Retrato de una mujer en llamas (Portrait d’une jeune fille en feu, 2019), la última película de Céline Sciamma, es una bellísima y certera visión femenina de la falta de horizontes de las mujeres, del descubrimiento del amor y las barreras para su independencia, interpretada por Noémie Merlant, Adèle Haenel y Valeria Golino.
Situada en una remota isla de Bretaña, en 1770, con los únicos escenarios de un castillo austero y playas tempestuosas, la película describe la relación de la joven pintora Marianne (Merlant) con Héloïse (Haenel), quien se resiste a posar para su retrato de bodas como acto de rebeldía ante un matrimonio forzado.
La delicadeza de los diálogos y la cotidianidad de los encuentros entre las dos mujeres describen cómo van cayendo las barreras entre las dos mujeres, cómo la exnovicia descubre el mundo y madura a través de la relación con su nueva amiga, una artista independiente, que ha aprendido a sortear los obstáculos con que la sociedad limita su vida, para poder vivir fuera de lo establecido.
La directora de Tomboy (2011), ganadora del premio al mejor guion en el pasado festival de Cannes, nos ha acostumbrado a sus historias de coming of age, donde las protagonistas encuentran su lugar y colman gradualmente el anhelo de ser ellas mismas, pero en Retrato de una mujer en llamas Sciamma aborda por primera vez una película de época, probando que si hay un afán eterno es el de las mujeres que no se resignan, cuyos primeros pasos en el mundo son dar forma a una insatisfacción que deben aprender a nombrar y gestionar.
El amor entre las protagonistas del filme es liberador, pura herramienta de poder y consciencia y es ahí donde la mirada de su directora convierte una historia romántica en una gran historia, en una pieza donde la perspectiva de género modela de forma singular un relato equitativo, potente y hermoso.
La estilización y austeridad de la puesta en escena, tan característica de Sciamma, alcanza en Retrato de una mujer en llamas una cima no solo estética sino discursiva.
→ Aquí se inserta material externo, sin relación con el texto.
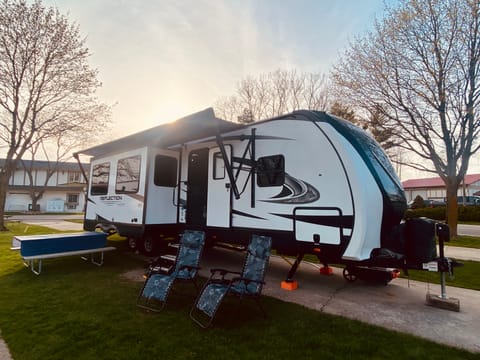 2021 Grand Design Reflection Bunkhouse! Towable trailer in Clinton Township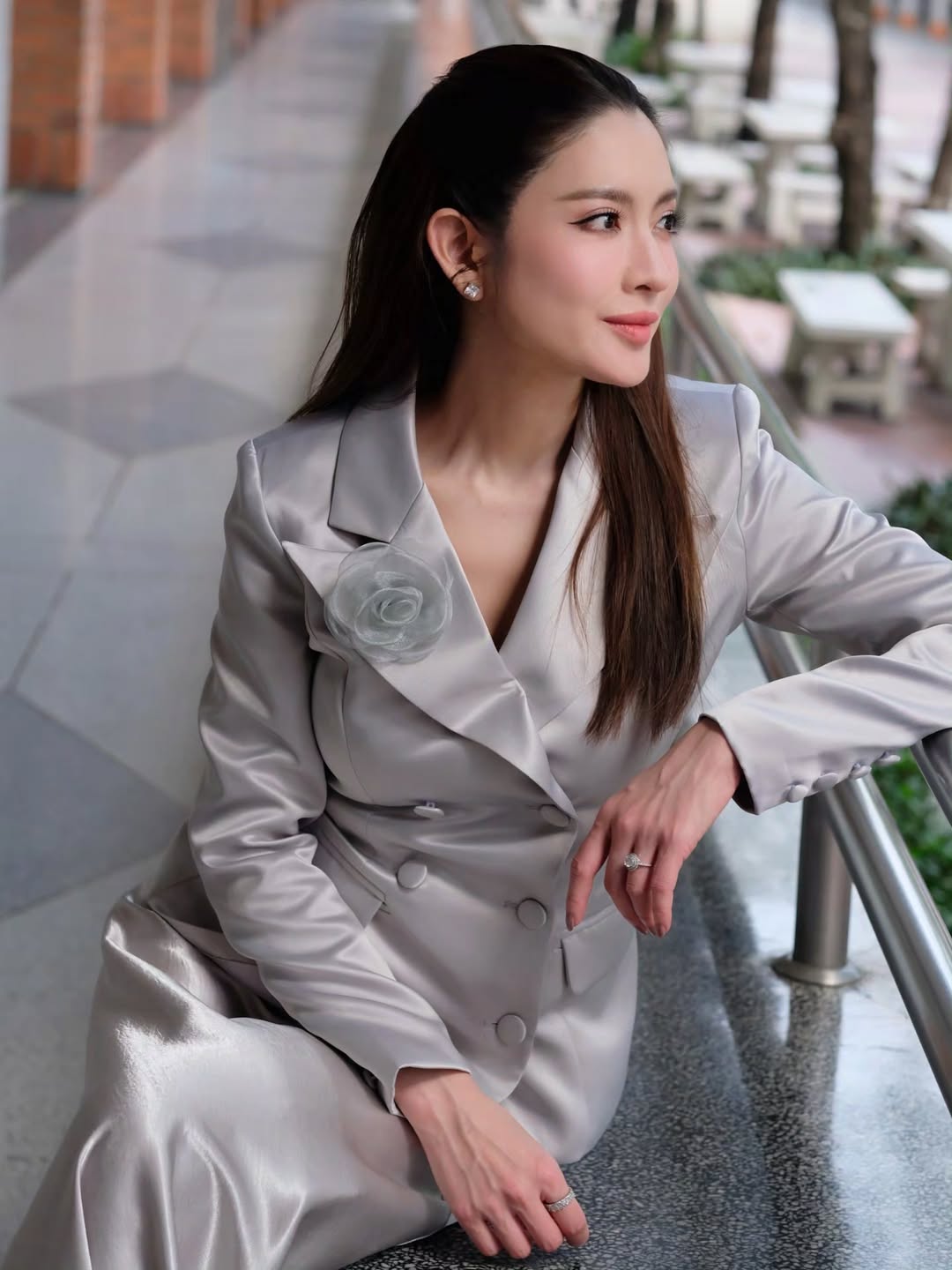 แอฟ - ทักษอร ภักดิ์สุขเจริญ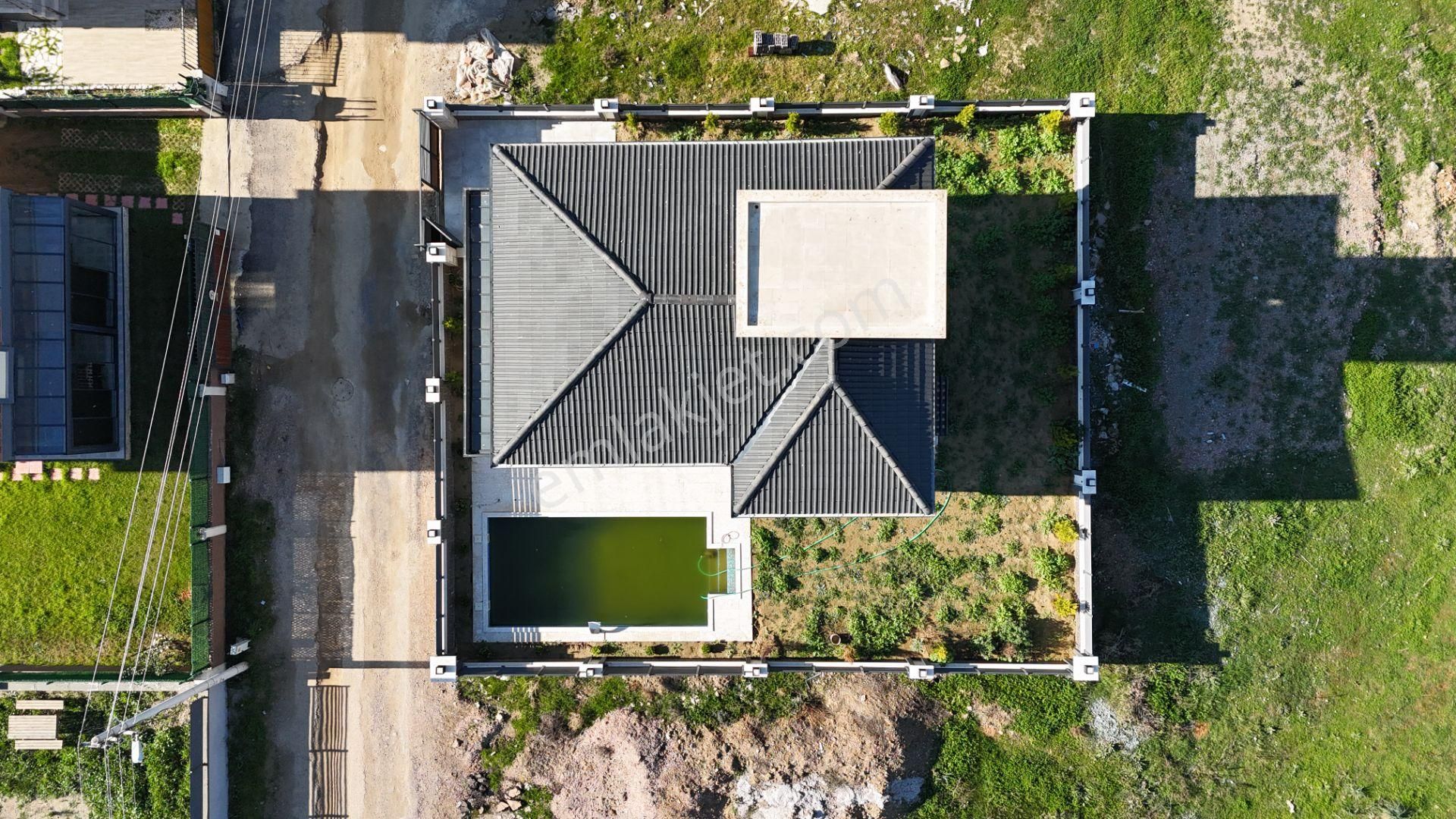 İzmir Seferihisar Düzce Mahallesi’nde Havuzlu Tek Müstakil Dubleks Villa - Görsel 33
La utilización de los decorados, la desnudez de los interiores, el empleo del color, la oposición entre los espacios cerrados y el mar embravecido, el vestuario… completan la elocuencia de unos diálogos sopesados y frescos. Los silencios son enaltecidos por el juego de miradas y el movimiento corporal, mientras la concepción del espacio escénico destaca por la manera de ocuparlo y crearlo a la vez.
La aproximación entre las dos protagonistas y la veracidad de su química rebasan el esquematismo de los usos amorosos o ceremonias de seducción. Haenel y Merlant parece que inventan el amor en cada uno de sus encuentros.
Por otra parte, debemos destacar que la elegancia y aparente frialdad con que la directora transmite una espléndida narración, que crece y evoluciona sutil y firme a lo largo de dos horas, colabora a la intriga dotándola de un simbolismo enraizado en lo más puro del cine clásico.
Retrato de una mujer en llamas es cine de mujer que seduce a cualquier tipo de público atraído por la belleza y la verdad, deseoso de explorar el mundo y sus conflictos —la discriminación por género, la negación de la voluntad y la invisibilidad de las artistas, en este caso—, a través de una mirada límpida, diáfana y rica, tan potente como sutil.